Remarkably, M. kansasii, which is usually considered a pulmonary pathogen, increased considerably from 5 isolates in 2013 to 24 in 2017. Despite this increase, it only represents 1.5% of all MNT isolates, a difference with other geographical areas where this species is frequently isolated [8].

According to previous reports, we observed that M. fortuitum and M. abscessus were the most frequently isolated RGM [3, 9, 13]. Whereas the isolation rates of M. fortuitum remained stable during the study, the number of M. abscessus isolates gradually increased from 20 isolates in 2013 to 50 in 2017. This fact must be analyzed in the context of considering M. abscessus as an emerging pathogen [17], especially among some specific populations like cystic fibrosis patients, as many reports in the literature has shown in the recent years [18, 19], even with the detection of hyperpathogenic clones that have been described worldwide [20, 21]. Because this is a retrospective microbiological study, we are not able to analyze neither the strains nor the clinical data, but the increase in the number of isolates of this pathogenic species could be a matter of concern for the next years.

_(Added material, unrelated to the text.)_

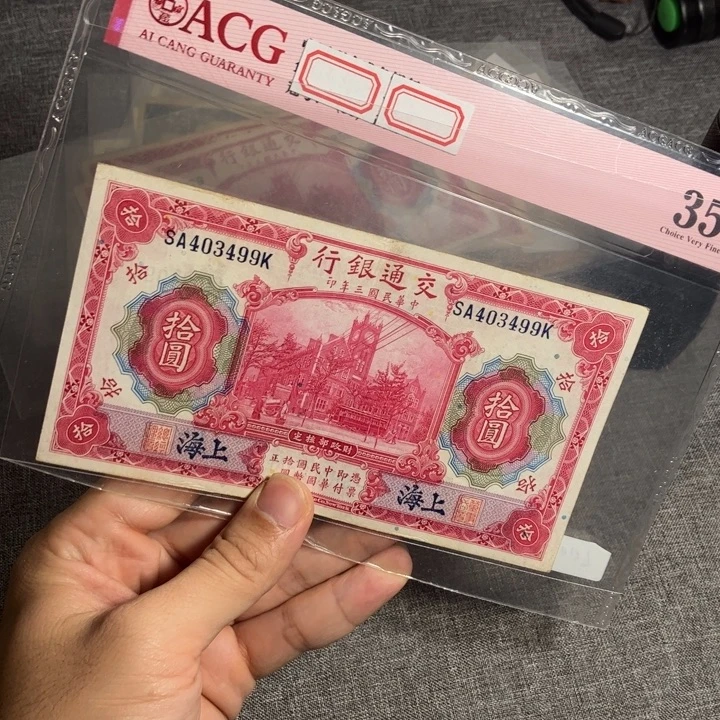 常***器收藏纸质5665896599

It must be noted that Madrid is mainly an urban region with a continental climate. This must be taken into account for comparison purposes of MNT isolation rates with other regions of a rural environment that have wetter climates. Since NTM are environmental organisms, these data are of importance, because it has been speculated that changes in climate or in the water system disinfection could affect the number or frequency of the different isolated species [2, 7].

In conclusion, our data show an increase in NTM isolation rate in our region that is according to the general increase in NTM infections reported worldwide in the last decades. Unexpectedly, M. lentiflavum, which is considered a nonpathogenic environmental contaminant, was the second most commonly isolated species. The increase in NTM isolation frequency was mainly attributed to M. lentiflavum, but it also should be noted the increasing of M. kansasii and M. abscessus, common pathogens that could be of great importance in the next future.

Further studies involving the clinical significance of increased isolation rate of NTM from clinical samples to better understand changes in the epidemiology of NTM and its impact on clinical practice are needed.